Task requirements>
Word for word, restate the records that follow.

Source information>
* * * * *
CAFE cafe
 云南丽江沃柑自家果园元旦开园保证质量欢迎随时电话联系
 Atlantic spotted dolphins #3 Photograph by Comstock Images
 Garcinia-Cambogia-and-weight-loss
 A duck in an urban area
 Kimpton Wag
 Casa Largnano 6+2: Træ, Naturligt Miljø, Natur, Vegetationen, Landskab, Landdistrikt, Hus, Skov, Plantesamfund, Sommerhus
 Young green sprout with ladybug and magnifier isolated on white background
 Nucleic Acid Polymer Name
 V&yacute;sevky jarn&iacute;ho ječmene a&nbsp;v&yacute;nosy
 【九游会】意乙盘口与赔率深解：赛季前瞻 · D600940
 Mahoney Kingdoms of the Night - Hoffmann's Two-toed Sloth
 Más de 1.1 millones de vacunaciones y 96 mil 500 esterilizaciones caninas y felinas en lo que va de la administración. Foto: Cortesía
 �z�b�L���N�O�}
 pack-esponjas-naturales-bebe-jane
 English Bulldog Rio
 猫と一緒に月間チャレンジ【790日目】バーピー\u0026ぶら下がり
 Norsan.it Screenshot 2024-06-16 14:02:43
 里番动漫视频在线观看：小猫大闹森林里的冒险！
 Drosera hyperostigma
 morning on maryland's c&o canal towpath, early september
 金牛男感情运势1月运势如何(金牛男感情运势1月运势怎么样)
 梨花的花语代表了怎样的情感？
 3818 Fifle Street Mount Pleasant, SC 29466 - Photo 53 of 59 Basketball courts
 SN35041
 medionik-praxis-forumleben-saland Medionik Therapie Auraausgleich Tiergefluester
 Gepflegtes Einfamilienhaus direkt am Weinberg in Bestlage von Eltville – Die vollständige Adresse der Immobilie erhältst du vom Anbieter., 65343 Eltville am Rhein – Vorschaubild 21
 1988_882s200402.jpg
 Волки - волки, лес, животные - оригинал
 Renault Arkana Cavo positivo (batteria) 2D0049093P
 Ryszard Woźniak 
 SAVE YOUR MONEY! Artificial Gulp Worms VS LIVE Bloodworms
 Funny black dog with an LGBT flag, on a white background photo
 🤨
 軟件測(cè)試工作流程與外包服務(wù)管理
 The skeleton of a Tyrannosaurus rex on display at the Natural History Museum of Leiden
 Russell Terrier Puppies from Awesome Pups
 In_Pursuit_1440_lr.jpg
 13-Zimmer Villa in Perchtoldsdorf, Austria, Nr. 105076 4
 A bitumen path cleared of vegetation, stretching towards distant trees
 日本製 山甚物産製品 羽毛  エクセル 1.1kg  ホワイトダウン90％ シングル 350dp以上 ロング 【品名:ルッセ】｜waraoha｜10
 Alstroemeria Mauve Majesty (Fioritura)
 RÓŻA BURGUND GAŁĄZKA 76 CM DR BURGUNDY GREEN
* * * * *
Answer>
CAFE cafe
 云南丽江沃柑自家果园元旦开园保证质量欢迎随时电话联系
 Atlantic spotted dolphins #3 Photograph by Comstock Images
 Garcinia-Cambogia-and-weight-loss
 A duck in an urban area
 Kimpton Wag
 Casa Largnano 6+2: Træ, Naturligt Miljø, Natur, Vegetationen, Landskab, Landdistrikt, Hus, Skov, Plantesamfund, Sommerhus
 Young green sprout with ladybug and magnifier isolated on white background
 Nucleic Acid Polymer Name
 V&yacute;sevky jarn&iacute;ho ječmene a&nbsp;v&yacute;nosy
 【九游会】意乙盘口与赔率深解：赛季前瞻 · D600940
 Mahoney Kingdoms of the Night - Hoffmann's Two-toed Sloth
 Más de 1.1 millones de vacunaciones y 96 mil 500 esterilizaciones caninas y felinas en lo que va de la administración. Foto: Cortesía
 �z�b�L���N�O�}
 pack-esponjas-naturales-bebe-jane
 English Bulldog Rio
 猫と一緒に月間チャレンジ【790日目】バーピー\u0026ぶら下がり
 Norsan.it Screenshot 2024-06-16 14:02:43
 里番动漫视频在线观看：小猫大闹森林里的冒险！
 Drosera hyperostigma
 morning on maryland's c&o canal towpath, early september
 金牛男感情运势1月运势如何(金牛男感情运势1月运势怎么样)
 梨花的花语代表了怎样的情感？
 3818 Fifle Street Mount Pleasant, SC 29466 - Photo 53 of 59 Basketball courts
 SN35041
 medionik-praxis-forumleben-saland Medionik Therapie Auraausgleich Tiergefluester
 Gepflegtes Einfamilienhaus direkt am Weinberg in Bestlage von Eltville – Die vollständige Adresse der Immobilie erhältst du vom Anbieter., 65343 Eltville am Rhein – Vorschaubild 21
 1988_882s200402.jpg
 Волки - волки, лес, животные - оригинал
 Renault Arkana Cavo positivo (batteria) 2D0049093P
 Ryszard Woźniak 
 SAVE YOUR MONEY! Artificial Gulp Worms VS LIVE Bloodworms
 Funny black dog with an LGBT flag, on a white background photo
 🤨
 軟件測(cè)試工作流程與外包服務(wù)管理
 The skeleton of a Tyrannosaurus rex on display at the Natural History Museum of Leiden
 Russell Terrier Puppies from Awesome Pups
 In_Pursuit_1440_lr.jpg
 13-Zimmer Villa in Perchtoldsdorf, Austria, Nr. 105076 4
 A bitumen path cleared of vegetation, stretching towards distant trees
 日本製 山甚物産製品 羽毛  エクセル 1.1kg  ホワイトダウン90％ シングル 350dp以上 ロング 【品名:ルッセ】｜waraoha｜10
 Alstroemeria Mauve Majesty (Fioritura)
 RÓŻA BURGUND GAŁĄZKA 76 CM DR BURGUNDY GREEN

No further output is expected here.